Ласково, осторожно Гален снова и снова проводила пальцами по спутанным черным прядям маленькой куклы.
— Конечно, Джулия и не подумала стыдиться. Когда она смотрела на сестренку, то видела лишь любовь и преданность, хотя всем остальным Винни могла показаться… — Гален умолкла, не в силах подобрать нужные слова.
— Кем? — Его голос был так же ласков, как ее пальцы. — Вы не можете вспомнить? Или Винни кажется вам такой же, какой ее видела Джулия, — милой маленькой девочкой?
— Да, — прошептала Гален. — Такой Винни и была, но она родилась с врожденными аномалиями, и скрыть их было невозможно. Врачи вообще считали, что смерть заберет ее вскоре после рождения.
— Но ей исполнилось полгода, когда вы увидели ее впервые.
— Да. К тому времени врачам надоело удивляться и пытаться предсказать, сколько еще она проживет на свете. Правда, одно они знали точно: Винни никогда не сможет ходить самостоятельно. И это оказалось правдой. Врачи, кроме срока ее жизни, ошиблись еще в одном. Она не была слепой. Однако видела Винни в какой-то своей, искаженной палитре. В ее мире дневной свет имел зеленый оттенок, а ночь казалась золотой, с луной цвета аквамарина. Но больше всего ей нравился цвет кукурузных полей — бирюзово-синий.
«Бирюзово-синий…» — повторил Лукас про себя. Совсем как бесформенное пальто и варежки у одной его знакомой. — А вместо рождественской елки Винни представляла себе фуксию?
— Да. Мои варежки — это ее подарок, их вышили Джулия с бабулей. — Лицо Гален озарила счастливая улыбка, и, немного помолчав, она продолжила свой полный воспоминаний о душевном тепле и любви рассказ. — Сперва все шло как нельзя лучше. Я вроде бы жила дома, то есть у моей матери и Марка, но почти все время проводила с Винни, Джулией и бабулей. Но потом… — дрогнувший от боли голос предупредил Лукаса о том, что сейчас он услышит о самой тяжелой и невосполнимой утрате жизни Гален, — бабуля умерла. Она совсем немного не дотянула до восьмидесяти двух и ушла из жизни быстро и безболезненно. Но все равно это было ужасным ударом. Ее не стало в марте моего последнего года в школе. Я очень переживала эту смерть и не оправилась даже к маю, когда все и произошло.
— Девятого мая.
— Да. Девятого мая. — По мере того как Гален перечисляла свои невзгоды, ее голос перестал дрожать от боли и наполнился горечью. — Тогда я вернулась от Джулии и Винни довольно рано. Они вообще ложились спать рано. Джулия старалась подчинить свою жизнь режиму Винни, чтобы та поменьше оставалась одна. Я думала — дома никого нет. У матери были занятия в вечерней школе, а у Марка — ночное дежурство. Я зашла на кухню попить воды, когда появился он. Прямо в мундире.
— В мундире?
— Марк служил в полиции. То есть служит в полиции.

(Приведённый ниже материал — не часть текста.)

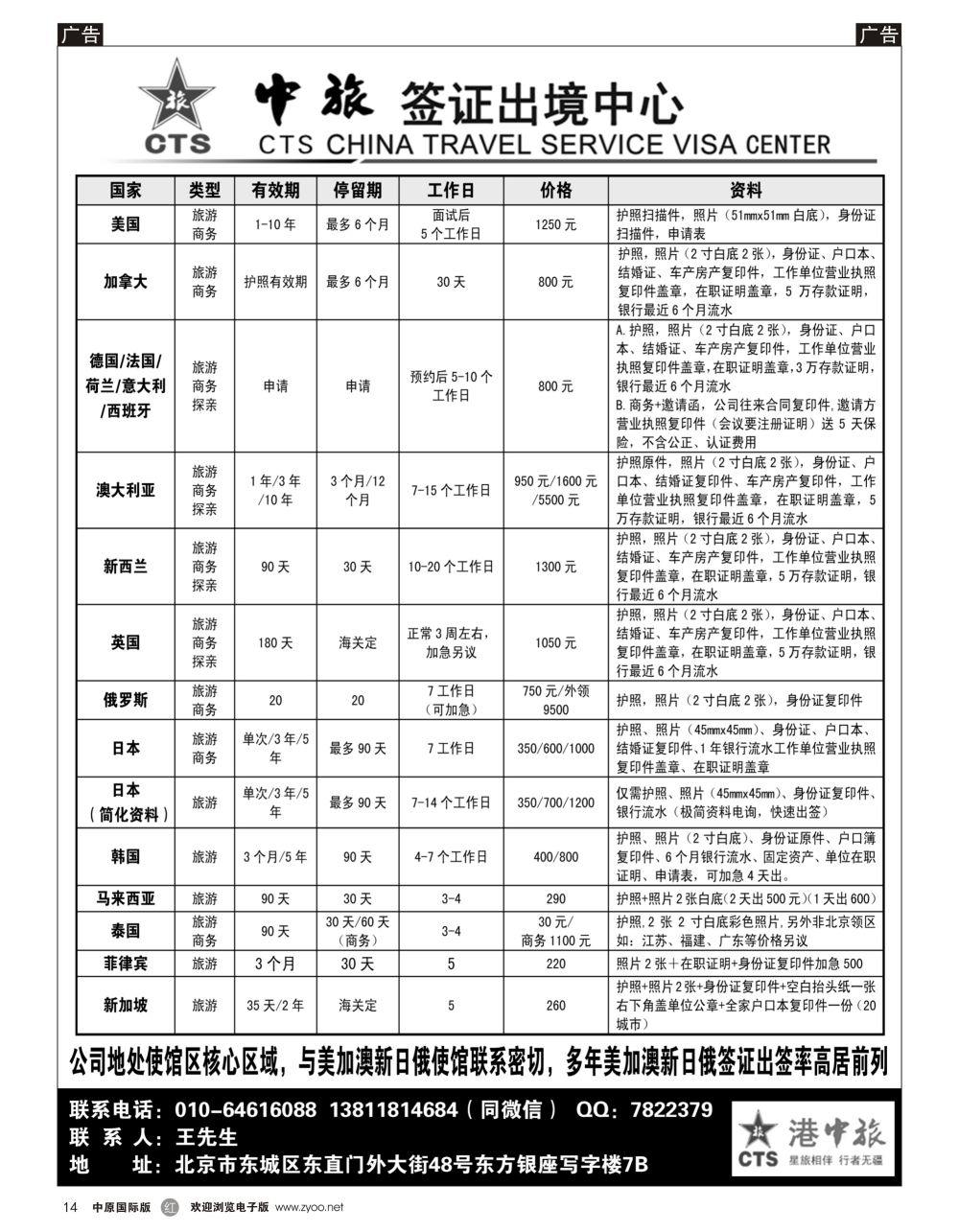 r黑014  中旅签证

— Час от часу не легче, — буркнул Лукас.
— На самом деле он уже отработал свою смену в дневное время — кого-то подменил — и просто немного задержался, оформляя какие-то протоколы. Он заявил, что давно меня не видел голой, что я по-прежнему страшнее пугала — во всяком случае, когда напяливаю на себя эти жуткие шмотки. Но ведь мне уже восемнадцать — значит, под ними у меня должно все-таки что-то быть. И он желает на это поглядеть. Я сказала ему, что он псих и извращенец, пригрозила, что расскажу обо всем матери и его шерифу. Но Марк только рассмеялся. По его мнению, извращениями страдала я, а не он, поскольку дружила с Джулией и Винни. Ему удалось выследить меня, и с тех пор он каждый день ездил на машине за Джулией. Это стало для него навязчивой идеей. И при этом он обвинял в сумасшествии меня. Да и к тому же кто поверит, что ему была охота приставать к такой уродине, как я? Но он добрый парень и готов пойти на великую жертву и сделать меня женщиной, прямо не сходя с этого места.